A: Yes! Si! Er... choice! 20 or 35 soles. I think you need 20. 35 has four beds!
M: Ah! Can I see the room?
A: Look at the beach!
M: It's beautiful! Um... Where is the room?
A: ....Yes! Come! Here is room!
(It's very small but OK)
M: Hmmm... OK! I'll take it. I'll go and get my bike.
A: Very good! Muy bueno!
(Luggage is dumped in room, bike parked in corridor. All good.)
A: So, 30 Soles with bike yes? Muy good!
M: *sigh* Ah... OK. Nice beach!
(The change into shorts is effected. One emerges from the room.)
A: So! I think 40 Soles! The sea, the beach, very bueno!
A: 40 for room and bike! Nice beach!
M: OK pal! Enough. You said (etc etc etc rant rant rant...)
A: Oh si! I forget! 30 good!
M: Here's 30.
A: Yes! I forget! Muy nice!
It is, as Alfredo points out, a very very nice beach.
The Long Road To Freedom... Although I'm stopped by a pair of cops 20 miles before Piura today, they seem to have no interest in anything other than my passport, my GPS (with which their fascination borders on the prurient) and my - ha! - job. I really am starting to believe I'm gonna get away with having no insurance. Touch "wood".
Today's favourite waste of time is watching a skinny cat try to catch crabs* at 11pm on a Peruvian Pacific beach. The cat doesn't appear to stand a chance. If I hadn't ganneted my dinner so quickly I'd chuck it some fish bits. Well done you crabs though!
10.6.09. Las Lomas, Peru
Makes Of Motorcycle That Are Available In Peru But Are Unlikely Ever To Be Sold In The UK:
1. RTM; just because the logo is a direct steal of the KTM one and they'd all have to go to prison.

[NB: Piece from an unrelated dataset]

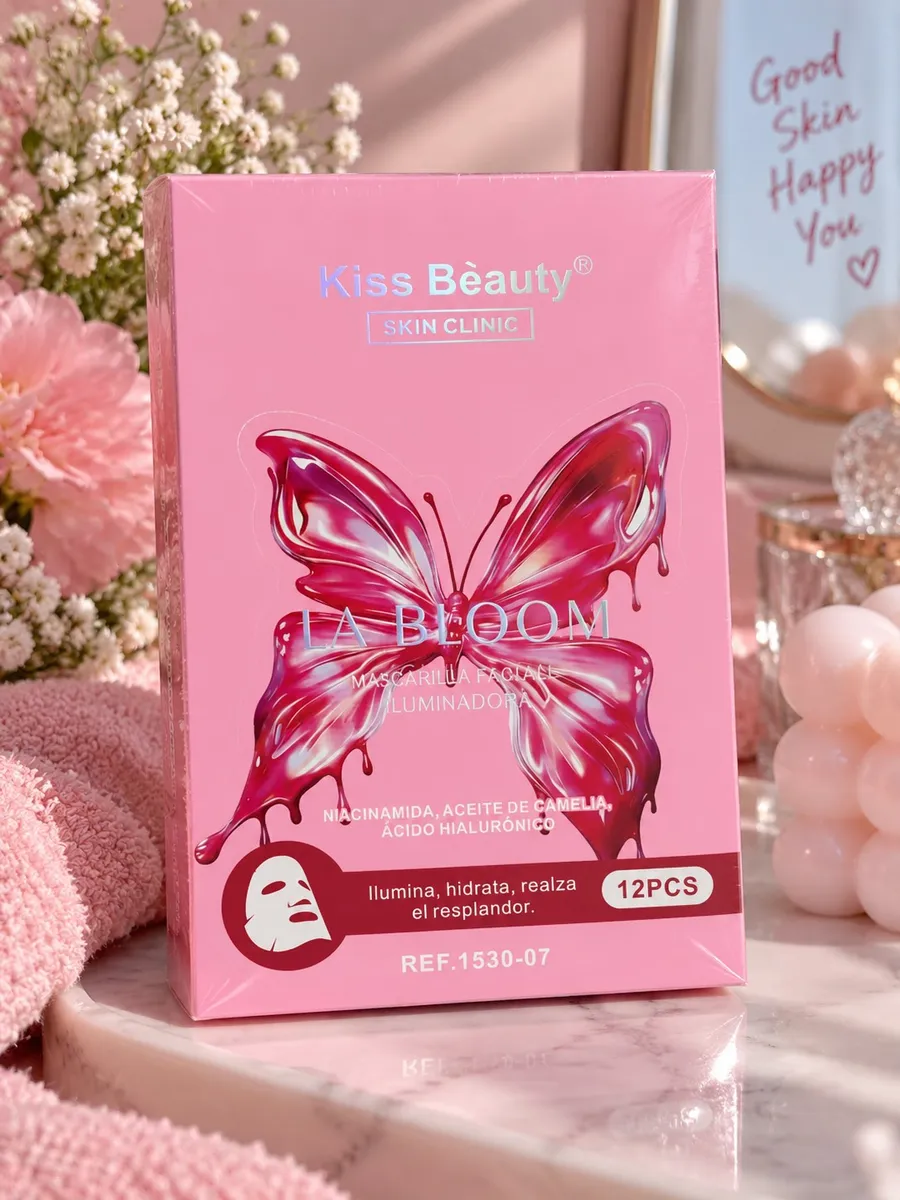 Różowe opakowanie maseczek do twarzy Kiss Beauty LA BLOOM z motylem i 12 sztukami w zestawie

2. Wanxin. Just can't see 'em catching on. "Try Wanxin - for Cheap Thrills." Oh dear me no. "The new single seat Wanxin - a great solo ride." No, I think not.
I don't think they get a lot of gringos in Las Lomas. It's 30 miles from the Ecuador border (one of the less popular crossings which I've chosen because the guidebook calls the main one "the worst border crossing in South America") and I'm sitting in a dusty, hot, very amenable roadside restaurant with motorbikes and moto-taxis passing within 6 feet of my table at the rate of 1 every 10 seconds. Everyone that passes makes eye contact, and I smile at them, and they smile, or hoot, or wave, or shout something that doesn't taste of "crap off out of it, you fat gringo twat". It's really quite special. It's 4.45pm, and at 6 this place starts serving Parrillada Mixta - mixed grilled meat with a strong possibilty of organ action. I'm extremely excited. A great way to say "Ta-ra!" to Peru.
Hmmm... Sweated of Trout, or Male Thing?
Number of extremely attractive Peruvian gals I've seen wearing desperately tight official Honda t-shirts: 2.
Number of times this has coincided with me being on, or within visual range of, my bike: 0.
Maximum number of helmetless people it seems you can get on a Peruvian-registered motorcycle without going to prison for ever: five. Husband, wife, three small children. Good work! Up to a point.